Nevertheless, the headline figures must seem remote to the
anxieties of anyone who does lose their job. Becoming unemployed can be a
shocking and terrifying experience – especially for people who have an unbroken
record of employment throughout a long career. In this position, it is easy for
someone to imagine that they will never get back into work or, at least, face a
protracted struggle before they do.

Unemployment, even for a period of weeks, can put household
finances – and family relationships – under severe strain, especially given the
long-term accumulation of personal debt in our society.

Britain’s long-term prosperity depends upon a rebalancing of
its economy towards financially-sustainable, wealth-creating industries. Since
the election over a million new jobs have been created – outnumbering by more
than two to one jobs lost.
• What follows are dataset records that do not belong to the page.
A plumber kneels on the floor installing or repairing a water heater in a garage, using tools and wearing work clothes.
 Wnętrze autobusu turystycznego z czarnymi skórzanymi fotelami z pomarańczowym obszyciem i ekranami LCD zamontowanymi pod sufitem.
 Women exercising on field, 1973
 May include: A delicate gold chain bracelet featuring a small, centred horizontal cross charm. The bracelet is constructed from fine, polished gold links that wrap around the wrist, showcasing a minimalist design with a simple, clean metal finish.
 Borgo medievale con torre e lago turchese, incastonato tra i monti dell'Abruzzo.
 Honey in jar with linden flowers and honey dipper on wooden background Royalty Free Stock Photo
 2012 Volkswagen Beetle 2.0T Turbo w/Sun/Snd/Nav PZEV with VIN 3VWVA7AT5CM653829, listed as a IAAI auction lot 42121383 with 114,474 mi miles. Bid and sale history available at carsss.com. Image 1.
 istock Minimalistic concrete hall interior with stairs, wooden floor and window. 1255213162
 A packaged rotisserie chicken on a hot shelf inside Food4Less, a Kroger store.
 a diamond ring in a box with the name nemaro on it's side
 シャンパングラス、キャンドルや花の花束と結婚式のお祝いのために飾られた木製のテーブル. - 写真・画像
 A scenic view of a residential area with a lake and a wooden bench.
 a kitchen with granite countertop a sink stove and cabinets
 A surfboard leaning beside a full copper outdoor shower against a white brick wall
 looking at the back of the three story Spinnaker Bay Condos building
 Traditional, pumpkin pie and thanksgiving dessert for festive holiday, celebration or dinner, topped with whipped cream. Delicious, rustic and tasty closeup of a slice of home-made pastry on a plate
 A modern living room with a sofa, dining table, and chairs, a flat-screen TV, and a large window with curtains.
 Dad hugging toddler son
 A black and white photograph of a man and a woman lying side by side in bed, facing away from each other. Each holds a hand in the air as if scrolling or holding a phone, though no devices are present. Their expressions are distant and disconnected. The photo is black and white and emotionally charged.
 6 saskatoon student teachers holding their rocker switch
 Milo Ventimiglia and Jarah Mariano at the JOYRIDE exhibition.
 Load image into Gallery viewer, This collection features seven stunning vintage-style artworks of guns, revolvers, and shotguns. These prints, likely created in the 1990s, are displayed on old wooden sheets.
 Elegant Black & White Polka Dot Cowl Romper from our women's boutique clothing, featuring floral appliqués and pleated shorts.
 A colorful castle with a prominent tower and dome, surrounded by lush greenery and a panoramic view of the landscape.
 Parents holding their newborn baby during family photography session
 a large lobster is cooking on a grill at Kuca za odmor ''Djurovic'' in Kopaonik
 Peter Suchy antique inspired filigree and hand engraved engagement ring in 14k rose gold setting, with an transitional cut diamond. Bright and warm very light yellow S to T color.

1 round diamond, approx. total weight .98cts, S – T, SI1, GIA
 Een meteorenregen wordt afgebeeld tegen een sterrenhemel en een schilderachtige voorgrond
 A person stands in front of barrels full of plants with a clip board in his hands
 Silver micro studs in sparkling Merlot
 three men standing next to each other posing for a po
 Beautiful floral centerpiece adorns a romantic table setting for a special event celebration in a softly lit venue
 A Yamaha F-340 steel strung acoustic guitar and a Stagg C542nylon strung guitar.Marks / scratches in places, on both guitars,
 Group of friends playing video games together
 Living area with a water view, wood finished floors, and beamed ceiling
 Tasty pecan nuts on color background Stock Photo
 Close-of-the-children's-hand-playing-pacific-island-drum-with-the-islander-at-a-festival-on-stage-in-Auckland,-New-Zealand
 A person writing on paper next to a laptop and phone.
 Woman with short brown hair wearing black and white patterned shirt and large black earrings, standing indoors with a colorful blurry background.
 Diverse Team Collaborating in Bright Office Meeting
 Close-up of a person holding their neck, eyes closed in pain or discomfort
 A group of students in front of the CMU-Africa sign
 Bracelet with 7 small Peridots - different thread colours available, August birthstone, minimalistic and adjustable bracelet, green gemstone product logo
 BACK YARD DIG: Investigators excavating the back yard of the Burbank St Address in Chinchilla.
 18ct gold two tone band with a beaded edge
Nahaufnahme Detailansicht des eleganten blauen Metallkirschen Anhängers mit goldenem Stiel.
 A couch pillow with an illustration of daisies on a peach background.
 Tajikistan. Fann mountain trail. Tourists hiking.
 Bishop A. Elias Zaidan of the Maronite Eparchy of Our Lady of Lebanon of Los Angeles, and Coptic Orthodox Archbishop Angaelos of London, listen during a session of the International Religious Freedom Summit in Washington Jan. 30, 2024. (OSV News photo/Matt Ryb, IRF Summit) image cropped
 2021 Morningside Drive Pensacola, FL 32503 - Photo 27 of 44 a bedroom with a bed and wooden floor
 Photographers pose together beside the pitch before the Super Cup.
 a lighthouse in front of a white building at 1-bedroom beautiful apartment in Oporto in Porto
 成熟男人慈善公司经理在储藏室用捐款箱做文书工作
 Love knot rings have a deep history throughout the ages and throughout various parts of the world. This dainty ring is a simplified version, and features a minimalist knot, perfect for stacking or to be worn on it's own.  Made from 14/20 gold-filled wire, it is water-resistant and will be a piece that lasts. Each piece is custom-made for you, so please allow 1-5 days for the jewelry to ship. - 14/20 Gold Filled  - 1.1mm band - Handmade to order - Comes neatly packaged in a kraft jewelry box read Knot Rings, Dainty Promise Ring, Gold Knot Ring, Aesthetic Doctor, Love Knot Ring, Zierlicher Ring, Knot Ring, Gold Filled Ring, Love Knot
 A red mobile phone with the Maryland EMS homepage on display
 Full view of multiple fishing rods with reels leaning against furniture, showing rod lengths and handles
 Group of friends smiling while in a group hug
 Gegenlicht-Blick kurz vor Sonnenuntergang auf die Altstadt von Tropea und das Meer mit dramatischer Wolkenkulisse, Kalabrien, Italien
But because jobs will be lost in some sectors and
gained in others, it is vital that we have a labour market that enables people
to move into new jobs with the minimum of delay.

So, how is the labour market performing in this regard?

The latest figures show that of all the people who made a
new claim for Jobseekers’ Allowance (JSA) this time last year, almost 90 per
cent had been able to come off the allowance within 12 months.  Furthermore, this figure – the
‘off-flow rate’ – showed that around 75 per cent had come off JSA within six
months and nearly 60 per cent within three months of first making a claim.

For young people – aged 18 to 24 – the prospect of coming
off benefits within a few months is high. Around 95 per cent of young people
who came onto JSA 12 months ago have since ended their claim, while over 80 per
cent were off JSA within six months and around two-thirds within three months
of signing on.

Of course, not everyone who stops claiming Jobseekers’
Allowance has gone into full-time work: some people will go into education, for
example, others will retire from the labour force and some will claim
disability benefits. But most people leaving JSA do go into paid work, most commonly full-time, and most of them
will still be in work over six months later.

Overall, the chances of leaving JSA have improved since the
General Election and are now at levels comparable with the height of the boom in
2007. Through key reforms like the Work Programme and the expansion of
apprenticeships we are determined to build upon this encouraging trend and add
further to the job creating potential of the British economy.